Furthermore the staging is just a mess. The Wurtele Thrust is transformed into a round, possibly to invoke the feeling of sitting on a lawn in the middle of the forest. Unfortunately, this also means that the actors spend far too much time playing to all sides of the auditorium. If you took a shot every time a character ran around the stage in a circle for no apparent reason, you’d be drunk under your seat before intermission. Also, the intense choreography and high flying acrobatics tonally undercut any sort of intimacy the round would provide. Dowling seems to have no higher priority than making the show fun and accessible. The problem is that Midsummer is already fun and accessible. The true challenge is making it feel magical, something the actors manage a few times but only in spite of their surroundings.

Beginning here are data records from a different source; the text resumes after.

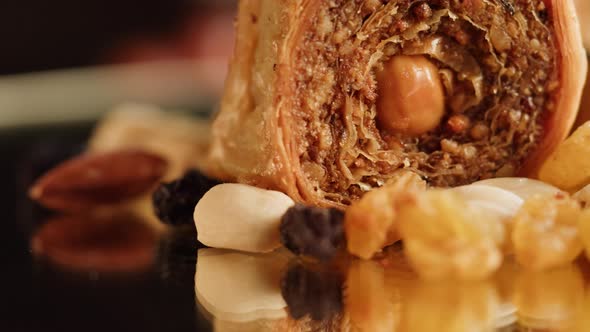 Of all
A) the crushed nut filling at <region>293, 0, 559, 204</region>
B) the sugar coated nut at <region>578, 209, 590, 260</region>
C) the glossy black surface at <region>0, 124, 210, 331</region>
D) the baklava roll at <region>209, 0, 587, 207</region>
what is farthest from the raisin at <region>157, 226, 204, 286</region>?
the sugar coated nut at <region>578, 209, 590, 260</region>

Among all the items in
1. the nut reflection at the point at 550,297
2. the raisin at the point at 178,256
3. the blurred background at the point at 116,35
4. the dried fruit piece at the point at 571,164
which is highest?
the dried fruit piece at the point at 571,164

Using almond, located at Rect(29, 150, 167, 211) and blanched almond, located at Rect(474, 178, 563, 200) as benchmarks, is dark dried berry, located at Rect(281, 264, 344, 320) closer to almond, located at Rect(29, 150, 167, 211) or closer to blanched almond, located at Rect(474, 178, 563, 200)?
blanched almond, located at Rect(474, 178, 563, 200)

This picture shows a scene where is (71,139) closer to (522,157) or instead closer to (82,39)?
(522,157)

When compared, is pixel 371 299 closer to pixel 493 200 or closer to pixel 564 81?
pixel 493 200

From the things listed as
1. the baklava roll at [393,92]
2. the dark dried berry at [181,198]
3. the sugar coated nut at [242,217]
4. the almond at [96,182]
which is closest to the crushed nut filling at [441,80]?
the baklava roll at [393,92]

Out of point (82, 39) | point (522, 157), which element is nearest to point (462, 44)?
point (522, 157)

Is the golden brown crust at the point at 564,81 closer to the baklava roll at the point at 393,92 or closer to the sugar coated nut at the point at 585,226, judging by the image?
the baklava roll at the point at 393,92

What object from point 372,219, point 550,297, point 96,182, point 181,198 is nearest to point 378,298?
point 372,219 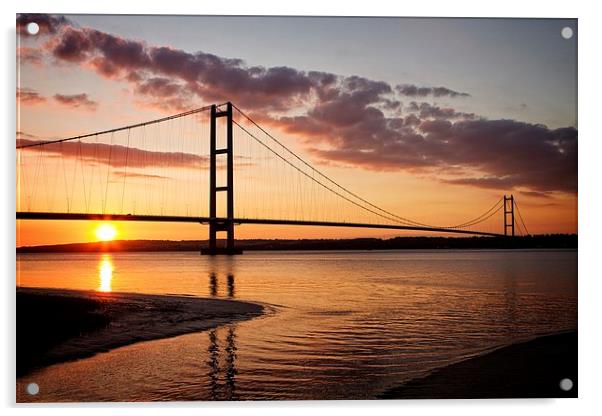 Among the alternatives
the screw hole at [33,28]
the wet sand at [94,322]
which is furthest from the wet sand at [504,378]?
the screw hole at [33,28]

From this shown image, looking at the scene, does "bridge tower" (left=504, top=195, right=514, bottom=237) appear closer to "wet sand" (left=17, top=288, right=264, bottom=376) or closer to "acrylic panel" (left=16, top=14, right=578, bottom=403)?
"acrylic panel" (left=16, top=14, right=578, bottom=403)

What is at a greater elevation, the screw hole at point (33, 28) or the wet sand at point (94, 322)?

I have no problem with theaters, including and especially the Guthrie, trotting out standard Shakespeare time and time again. These plays have untapped depths that are only reached a few times in a hundred performances — they’re always worth revisiting for the off chance you’ll discover something you never noticed before. Beneath Midsummer’s plotless whimsy lies an enchanting homage to the creative human spirit. Shakespeare pretends to have nothing more on his mind that his puckish sprites confounding the audience at their fancy. However closer reflection unveils the kind of deep thematic interests that make English professors blush.

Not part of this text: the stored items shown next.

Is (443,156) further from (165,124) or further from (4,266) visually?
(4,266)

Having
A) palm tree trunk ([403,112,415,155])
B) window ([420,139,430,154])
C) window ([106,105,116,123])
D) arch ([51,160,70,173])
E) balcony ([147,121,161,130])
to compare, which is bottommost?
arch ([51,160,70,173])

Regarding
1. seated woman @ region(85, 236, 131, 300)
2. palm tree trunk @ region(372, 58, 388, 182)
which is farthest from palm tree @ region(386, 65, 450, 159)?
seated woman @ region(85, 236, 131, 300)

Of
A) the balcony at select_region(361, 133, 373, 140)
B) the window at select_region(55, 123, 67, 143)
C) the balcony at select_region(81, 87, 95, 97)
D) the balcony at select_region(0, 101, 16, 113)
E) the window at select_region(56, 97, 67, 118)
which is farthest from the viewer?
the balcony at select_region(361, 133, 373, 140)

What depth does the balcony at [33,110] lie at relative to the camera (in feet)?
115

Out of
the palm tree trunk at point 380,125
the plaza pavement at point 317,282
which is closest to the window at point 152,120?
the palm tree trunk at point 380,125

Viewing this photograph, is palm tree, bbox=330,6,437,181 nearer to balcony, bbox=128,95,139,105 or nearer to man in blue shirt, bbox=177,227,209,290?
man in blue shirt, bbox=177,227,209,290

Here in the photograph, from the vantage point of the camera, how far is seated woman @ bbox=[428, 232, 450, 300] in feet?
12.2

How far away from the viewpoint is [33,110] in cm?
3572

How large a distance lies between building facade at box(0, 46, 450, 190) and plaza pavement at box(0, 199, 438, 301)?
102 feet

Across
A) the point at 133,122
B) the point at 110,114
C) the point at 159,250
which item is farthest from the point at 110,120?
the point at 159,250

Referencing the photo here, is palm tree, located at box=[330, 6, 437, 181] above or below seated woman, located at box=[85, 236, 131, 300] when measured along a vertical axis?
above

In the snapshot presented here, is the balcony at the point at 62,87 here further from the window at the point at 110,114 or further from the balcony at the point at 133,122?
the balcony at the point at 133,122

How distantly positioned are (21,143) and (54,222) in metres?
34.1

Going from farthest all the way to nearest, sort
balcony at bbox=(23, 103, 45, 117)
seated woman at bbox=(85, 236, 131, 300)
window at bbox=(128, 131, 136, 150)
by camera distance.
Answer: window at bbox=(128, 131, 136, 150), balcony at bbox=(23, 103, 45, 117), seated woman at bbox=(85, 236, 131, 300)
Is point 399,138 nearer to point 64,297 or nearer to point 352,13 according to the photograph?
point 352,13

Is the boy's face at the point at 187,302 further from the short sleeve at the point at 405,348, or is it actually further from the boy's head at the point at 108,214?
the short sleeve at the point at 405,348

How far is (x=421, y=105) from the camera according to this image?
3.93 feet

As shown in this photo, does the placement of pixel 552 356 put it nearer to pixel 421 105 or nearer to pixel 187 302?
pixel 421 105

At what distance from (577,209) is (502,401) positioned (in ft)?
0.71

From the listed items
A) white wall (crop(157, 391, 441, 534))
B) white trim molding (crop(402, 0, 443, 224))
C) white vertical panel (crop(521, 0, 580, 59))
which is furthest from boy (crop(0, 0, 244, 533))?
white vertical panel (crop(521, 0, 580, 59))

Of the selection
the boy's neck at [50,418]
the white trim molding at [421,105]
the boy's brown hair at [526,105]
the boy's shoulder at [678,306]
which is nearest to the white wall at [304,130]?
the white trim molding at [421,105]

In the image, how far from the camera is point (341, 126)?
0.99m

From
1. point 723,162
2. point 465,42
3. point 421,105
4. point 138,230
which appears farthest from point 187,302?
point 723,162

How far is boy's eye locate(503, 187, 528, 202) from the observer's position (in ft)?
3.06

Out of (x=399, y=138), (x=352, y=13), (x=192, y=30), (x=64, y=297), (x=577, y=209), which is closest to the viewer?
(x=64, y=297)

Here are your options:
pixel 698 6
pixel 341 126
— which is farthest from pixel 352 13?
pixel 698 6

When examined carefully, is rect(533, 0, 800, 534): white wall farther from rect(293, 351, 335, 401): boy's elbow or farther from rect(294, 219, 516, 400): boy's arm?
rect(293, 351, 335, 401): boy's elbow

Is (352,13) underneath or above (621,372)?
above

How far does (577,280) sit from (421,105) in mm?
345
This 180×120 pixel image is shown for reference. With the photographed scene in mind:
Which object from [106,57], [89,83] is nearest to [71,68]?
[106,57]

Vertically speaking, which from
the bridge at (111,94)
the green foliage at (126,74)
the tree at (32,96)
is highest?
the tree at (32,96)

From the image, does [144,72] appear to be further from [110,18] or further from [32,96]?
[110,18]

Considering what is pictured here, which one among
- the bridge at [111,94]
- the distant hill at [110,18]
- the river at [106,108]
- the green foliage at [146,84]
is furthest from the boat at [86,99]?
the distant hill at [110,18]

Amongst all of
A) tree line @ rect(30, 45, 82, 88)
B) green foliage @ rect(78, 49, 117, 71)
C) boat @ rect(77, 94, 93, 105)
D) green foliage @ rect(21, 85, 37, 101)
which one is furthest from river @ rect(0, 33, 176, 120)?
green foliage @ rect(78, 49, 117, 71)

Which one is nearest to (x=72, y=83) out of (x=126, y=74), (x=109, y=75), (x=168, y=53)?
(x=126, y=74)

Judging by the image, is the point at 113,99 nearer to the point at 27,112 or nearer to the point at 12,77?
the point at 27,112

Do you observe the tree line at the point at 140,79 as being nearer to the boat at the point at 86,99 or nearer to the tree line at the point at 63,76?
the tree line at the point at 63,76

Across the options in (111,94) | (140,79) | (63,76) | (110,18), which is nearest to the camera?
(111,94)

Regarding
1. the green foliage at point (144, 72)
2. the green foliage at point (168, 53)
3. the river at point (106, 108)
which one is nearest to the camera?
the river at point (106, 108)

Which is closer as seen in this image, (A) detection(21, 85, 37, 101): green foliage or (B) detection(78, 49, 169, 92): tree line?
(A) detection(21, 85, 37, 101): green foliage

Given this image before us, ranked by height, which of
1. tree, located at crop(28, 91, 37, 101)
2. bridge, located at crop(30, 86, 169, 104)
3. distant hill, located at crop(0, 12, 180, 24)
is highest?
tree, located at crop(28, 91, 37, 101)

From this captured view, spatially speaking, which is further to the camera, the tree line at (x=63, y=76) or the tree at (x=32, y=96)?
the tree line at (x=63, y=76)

What are the lovestruck teens but beautiful emotional train wrecks that have drawn the tired masses to the stage for millennia? What are the sprites but the disillusioned writer trying to manipulate these feelings into something surprising or new? What is this mystical night in ancient Greece but an older version of tonight or tomorrow night, only in a younger world seen through younger eyes that still see fairies and magic in every star and sound? Like the Greek plays it draws from, A Midsummer Night’s Dream reduces its ambitions to something at once simple and near-religious: an invitation for all of us to sit and dream together.
When Dowling and his team embrace this and trust their performers and audience, it’s a winning combination. When they worry we might stop paying attention, they give into the same insecurity as Peter Quince’s inept troupe. The difference between using generic stage art to depict magic and writing a prologue explaining to the audience that the lion on stage isn’t really a lion is more or less semantic.